This record is full of instances in which these defendants, out of disrespect for orderly proceedings before a court of justice or because of the fact that they were proceeding pro se in many various instances in which they appeared, the truth of the matter is that they have not complied with a number of dispositions. And under these circumstances, the only thing that I find prudent to do is one of two things. Either forget about it and not enforce the order and just assume that they are incapable of complying and forget about it, simply, or just have them arrested. And I think there are only two alternatives, and the alternative of choice is the order. We're going to enforce orders of this Court and not allow these things to happen in this case, or any other case.
The only other alternative is to order their arrest. So what I will do is this. I will ask the court to issue an arrest warrant against these two individuals․
There will be no bail, no bail posted, and upon their arrest, these individuals should be transferred to this district, and then I will set a hearing. This will give them the opportunity now of dealing with counsel and hiring local counsel, because the hearing won't be held today. I'm just taking a preventive measure, basically to avoid further flouting of the orders of this Court.

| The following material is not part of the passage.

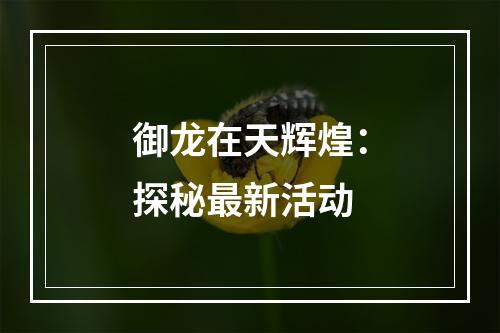 御龙在天辉煌：探秘最新活动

Thereupon, bench warrants were issued for the arrest of the Unanues.
The district court also granted Goya's motions, filed the day of the hearing, to execute judgment against another apartment located in San Juan, and to appoint a special master to conduct the sale of the property. In response, Charles and Liliane filed separate motions seeking to vacate all orders related to the contempt proceedings and execution of the judgment. Charles filed his motion, by mail, from France, on November 25, 2000. The court denied the motion on December 5, 2000, and on December 19, 2000, Charles filed his notice of appeal from that denial.
Liliane filed a similar motion to vacate, again, by mail from Europe, on December 18, 2000, captioned “Emergency Motion To Vacate Order of this Court for Ap[p]ointment of Special Master and To Vacate Warrant for Arrest of Liliane Unanue.” The motion asked the court to rescind all orders requested by Goya subsequent to October 15, 2000. The court denied the motion on February 21, 2001, and, on March 19, 2000, Liliane filed a notice of appeal from the denial.1
In their appeals, which have been consolidated, Charles and Liliane make virtually identical arguments. They claim the Puerto Rico federal court lacked subject matter jurisdiction over all proceedings in this case. They also claim the court lacked in personam jurisdiction over them in the original proceeding. As to the contempt hearing, they claim they were given insufficient notice. Lastly, they say that the district judge, who presided over all the matters in this long-running case, prejudged the contempt charge and should have recused himself.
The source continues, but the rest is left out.